**What you are asked to do**
Give back an exact copy of the lines in the records below, from the line that has "石材081海洋风暴kitty盘" through the line that has "Lainey Plus Size Dress", and nothing besides.

═════ Recorded data

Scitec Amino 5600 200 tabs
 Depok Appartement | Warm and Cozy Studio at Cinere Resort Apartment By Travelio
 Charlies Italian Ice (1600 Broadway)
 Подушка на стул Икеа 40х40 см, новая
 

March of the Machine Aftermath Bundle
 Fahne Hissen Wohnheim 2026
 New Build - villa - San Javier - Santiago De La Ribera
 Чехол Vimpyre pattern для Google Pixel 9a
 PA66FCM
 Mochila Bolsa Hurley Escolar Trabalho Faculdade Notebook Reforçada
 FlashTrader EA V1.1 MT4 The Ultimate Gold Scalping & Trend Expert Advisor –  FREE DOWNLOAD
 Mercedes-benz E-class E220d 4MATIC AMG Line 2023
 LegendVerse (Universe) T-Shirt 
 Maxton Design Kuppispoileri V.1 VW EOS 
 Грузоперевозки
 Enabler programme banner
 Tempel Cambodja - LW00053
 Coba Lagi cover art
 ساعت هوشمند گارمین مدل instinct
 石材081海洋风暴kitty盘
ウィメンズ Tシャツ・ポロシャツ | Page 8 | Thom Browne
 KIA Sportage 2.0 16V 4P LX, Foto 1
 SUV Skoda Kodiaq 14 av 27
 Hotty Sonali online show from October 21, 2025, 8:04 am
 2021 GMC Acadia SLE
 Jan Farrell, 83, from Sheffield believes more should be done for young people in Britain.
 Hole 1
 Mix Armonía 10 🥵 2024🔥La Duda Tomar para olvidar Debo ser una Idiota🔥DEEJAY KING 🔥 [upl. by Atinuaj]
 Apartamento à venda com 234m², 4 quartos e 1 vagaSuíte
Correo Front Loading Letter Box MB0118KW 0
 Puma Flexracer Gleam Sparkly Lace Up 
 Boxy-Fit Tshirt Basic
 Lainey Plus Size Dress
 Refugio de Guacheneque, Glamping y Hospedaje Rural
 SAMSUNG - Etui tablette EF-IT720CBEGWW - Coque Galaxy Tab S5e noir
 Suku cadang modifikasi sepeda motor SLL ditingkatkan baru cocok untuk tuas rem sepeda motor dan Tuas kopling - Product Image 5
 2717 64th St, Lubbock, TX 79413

══════════

**Answer area**
 石材081海洋风暴kitty盘
ウィメンズ Tシャツ・ポロシャツ | Page 8 | Thom Browne
 KIA Sportage 2.0 16V 4P LX, Foto 1
 SUV Skoda Kodiaq 14 av 27
 Hotty Sonali online show from October 21, 2025, 8:04 am
 2021 GMC Acadia SLE
 Jan Farrell, 83, from Sheffield believes more should be done for young people in Britain.
 Hole 1
 Mix Armonía 10 🥵 2024🔥La Duda Tomar para olvidar Debo ser una Idiota🔥DEEJAY KING 🔥 [upl. by Atinuaj]
 Apartamento à venda com 234m², 4 quartos e 1 vagaSuíte
Correo Front Loading Letter Box MB0118KW 0
 Puma Flexracer Gleam Sparkly Lace Up 
 Boxy-Fit Tshirt Basic
 Lainey Plus Size Dress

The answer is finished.